■ **Scraped caption text data**:
◇ ◇ ◇ ◇ ◇ ◇ ◇

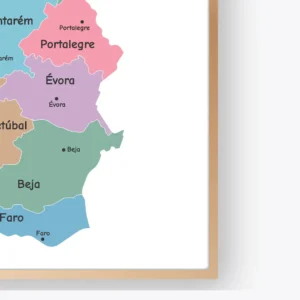 Iberian Peninsula geography poster featuring Portugal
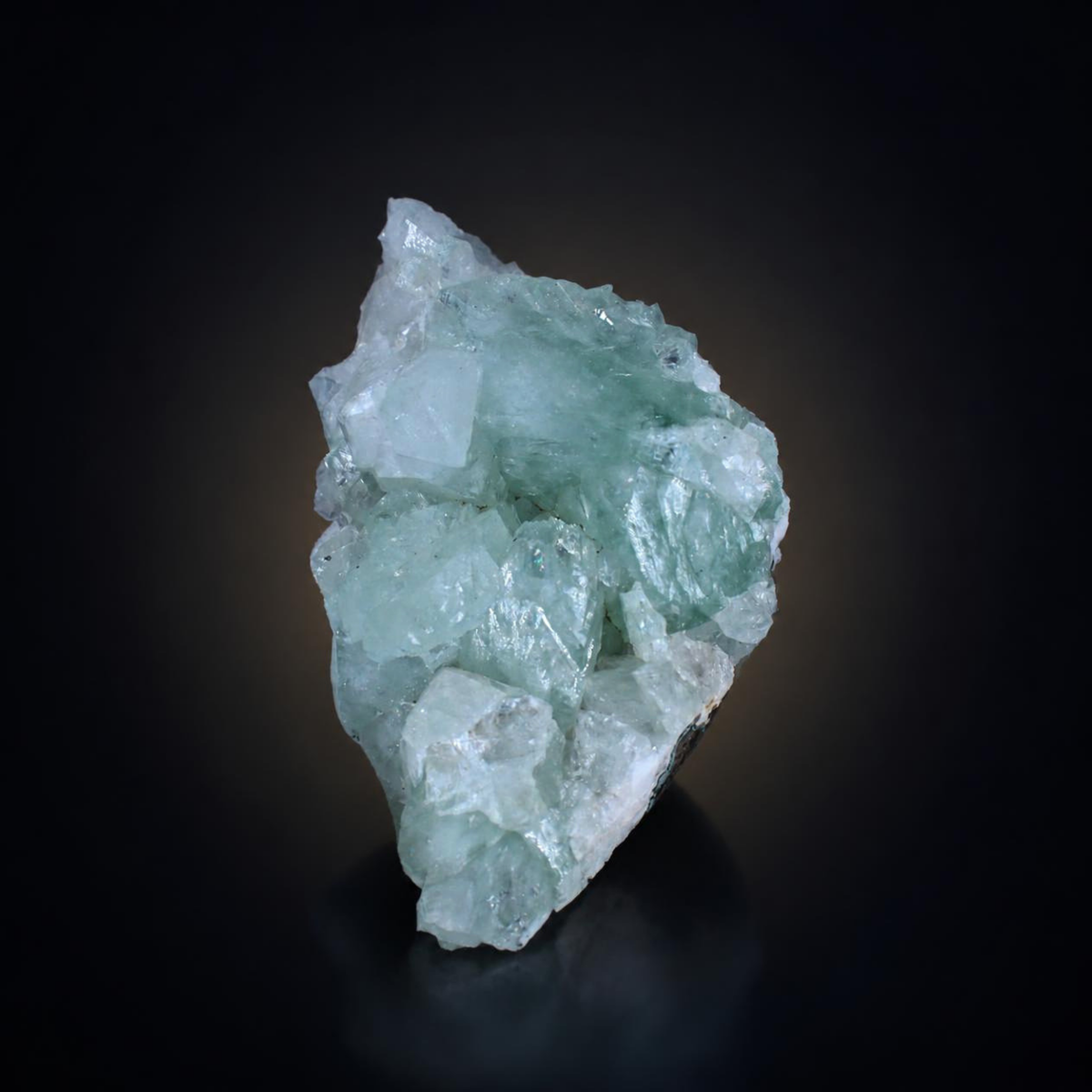 Green Apophyllite Crystal Cluster on Stilbite Collectible Mineral Specimen 8 × 5 × 3 cm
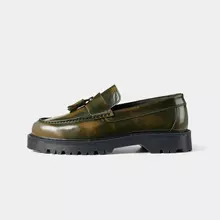 Garment Project Pete Loafer Dark Green Schuhe Herren dunkelgrün von Garment Project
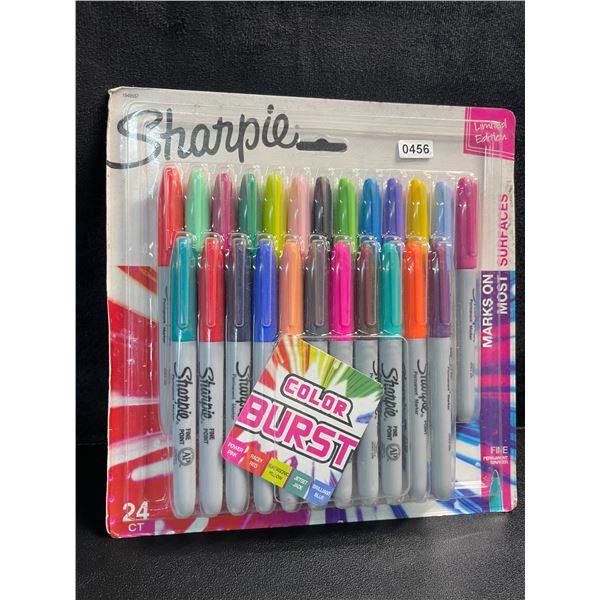 1 Pack of Sharpie Permanent Markers - Color Burst - 24 Colours - New Sealed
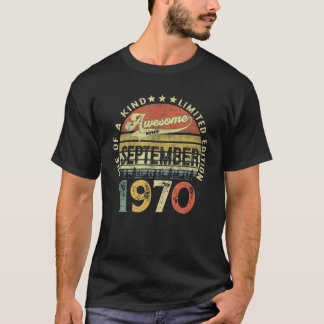 Camiseta 51 Anos De Idade Incrível Desde Setembro De 1970 5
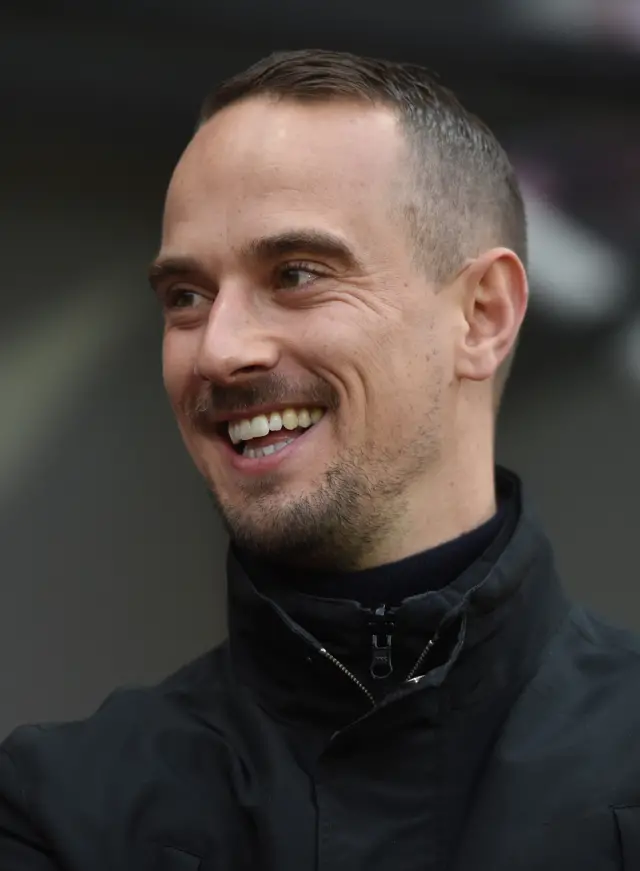 England manager Mark Sampson looks relaxed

◇ ◇ ◇ ◇ ◇ ◇ ◇

■ **What this task involves**: Leave the pictures aside and transcribe only the lines from the one holding "Garment Project Pete" through the final line of the records above.

■ **Written answer**:
 Garment Project Pete Loafer Dark Green Schuhe Herren dunkelgrün von Garment Project
 1 Pack of Sharpie Permanent Markers - Color Burst - 24 Colours - New Sealed
 Camiseta 51 Anos De Idade Incrível Desde Setembro De 1970 5
 England manager Mark Sampson looks relaxed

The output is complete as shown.